Give you a matrix(only contains 0 or 1),every time you can select a row or a column and delete all the '1' in this row or this column .

    Your task is to give out the minimum times of deleting all the '1' in the matrix.
Input
    There are several test cases.

    The first line contains two integers n,m(1<=n,m<=100), n is the number of rows of the given matrix and m is the number of columns of the given matrix.
    The next n lines describe the matrix:each line contains m integer, which may be either ‘1’ or ‘0’.

    n=0 indicate the end of input.
Output
    For each of the test cases, in the order given in the input, print one line containing the minimum times of deleting all the '1' in the matrix.
Sample Input

    3 3
    0 0 0
    1 0 1
    0 1 0
    0

Sample Output

    2

題意：給你一個0,1矩陣，讓你每次可以將一行或者一列的把1變成0，求最少幾次可以讓所有的1都變成0。

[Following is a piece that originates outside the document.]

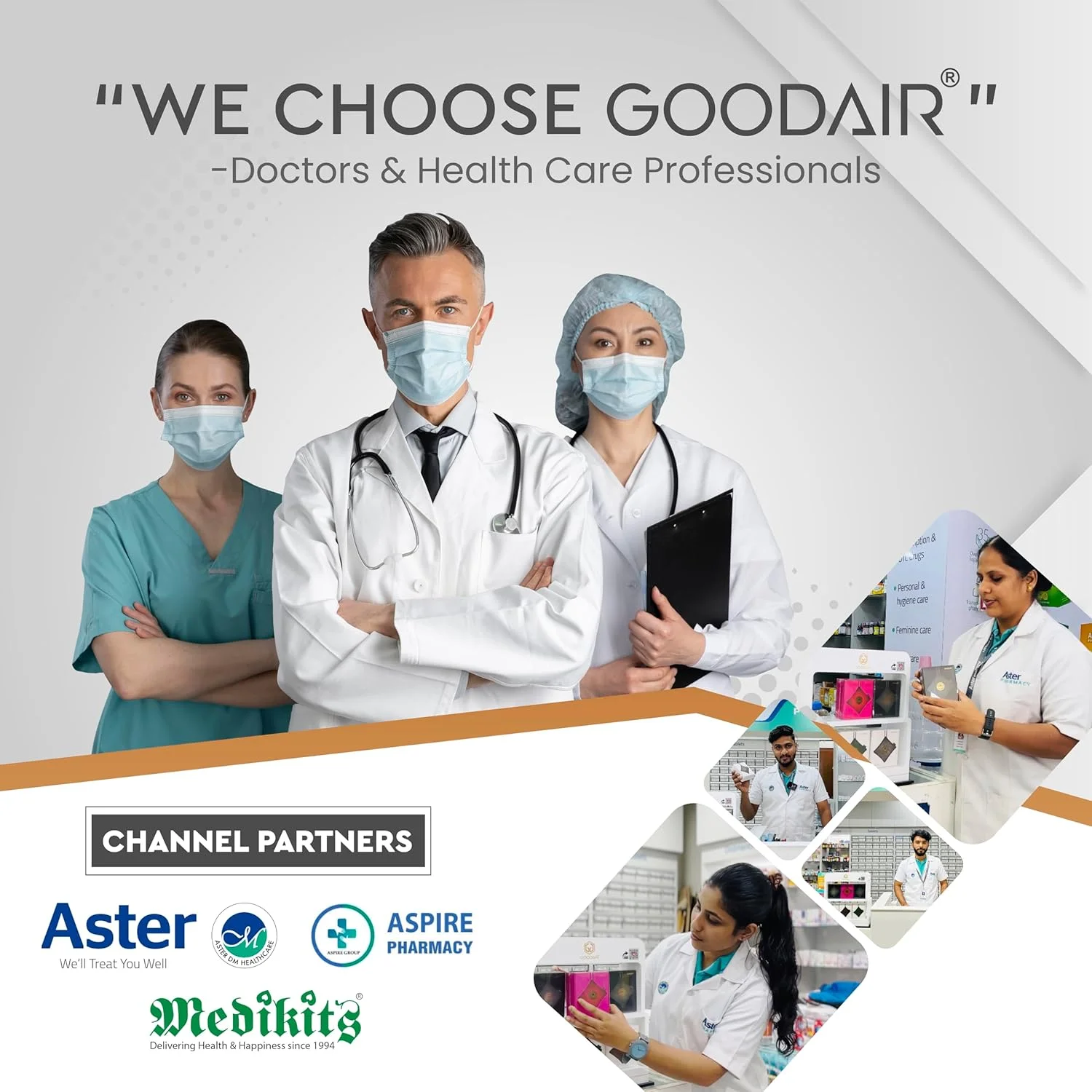 تصفیه کننده هوای غیر برقی خودرو GOODAIR ROYAL (فوق العاده مشکی)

分析：二分匹配題，將矩陣中是1的格子的x和y座標記錄下來，然後再求最大匹配數即可。

#include<stdio.h>
#include<string.h>
int m,n,e[110][110],match[110],book[110];
int dfs(int u)
{
	int i;
	for(i = 1; i <= m; i ++)
	{
		if(book[i] == 0 && e[u][i] == 1)
		{
			book[i] = 1;
			if(match[i] == 0 || dfs(match[i]))
			{
				match[i] = u;
				return 1;
			}
		}
	}
	return 0;
}
int main()
{
	int i,j,k,sum;
	while(scanf("%d",&n), n != 0)
	{
		scanf("%d",&m);
		sum = 0;
		memset(e,0,sizeof(e));
		memset(match,0,sizeof(match));
		for(i = 1; i <= n; i ++)
			for(j = 1; j <= m; j ++)
			{
				scanf("%d",&k);
				if(k == 1)
					e[i][j] = 1;
			}
		for(i = 1; i <= n; i ++)
		{
			memset(book,0,sizeof(book));
			if(dfs(i))
				sum ++;
		}
		printf("%d\n",sum);	
	}
	return 0;
}